Wal-Mart favors male workers, suit says
Wal-Mart Stores Inc. is being sued again by a group of women who say they faced gender discrimination while working for the world’s biggest retailer.
In the complaint filed Monday in federal court in Florida, the defendants say they were denied opportunities for promotion and weren’t paid on a par with male colleagues in both hourly retail store positions and certain salaried management positions. Many of the women started working at the retailer in the 1990s. They seek class-action status.
The case is part of the legacy of Dukes v. Wal-Mart Stores Inc., a 2001 suit representing 1.6 million female employees that claimed the company had a pattern of discriminating against women in promotion, pay, training and job assignment.

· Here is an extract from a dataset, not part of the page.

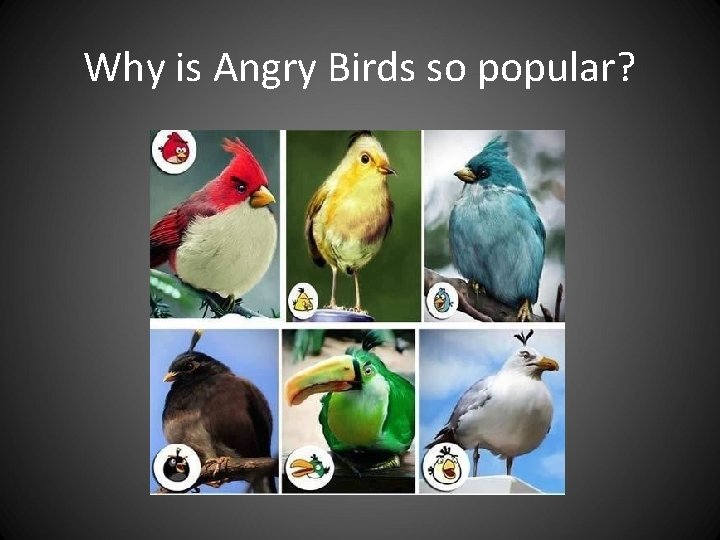 Why is Angry Birds so popular? Why is Angry Birds so popular?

In 2011, the U.S. Supreme Court reversed the decision to grant class certification and imposed revised guidelines for class actions related to employment discrimination.
“The class the plaintiffs now allege is no more appropriate than the nationwide class the Supreme Court has already rejected,” Randy Hargrove, a Wal-Mart spokesman, said.
The seven plaintiffs in the latest case, Forbes v. WalMart Stores Inc., were members of the national class originally certified in Dukes. Addressing the Supreme Court’s revised guidelines, the complaint focuses on allegations of workers in the southeastern U.S.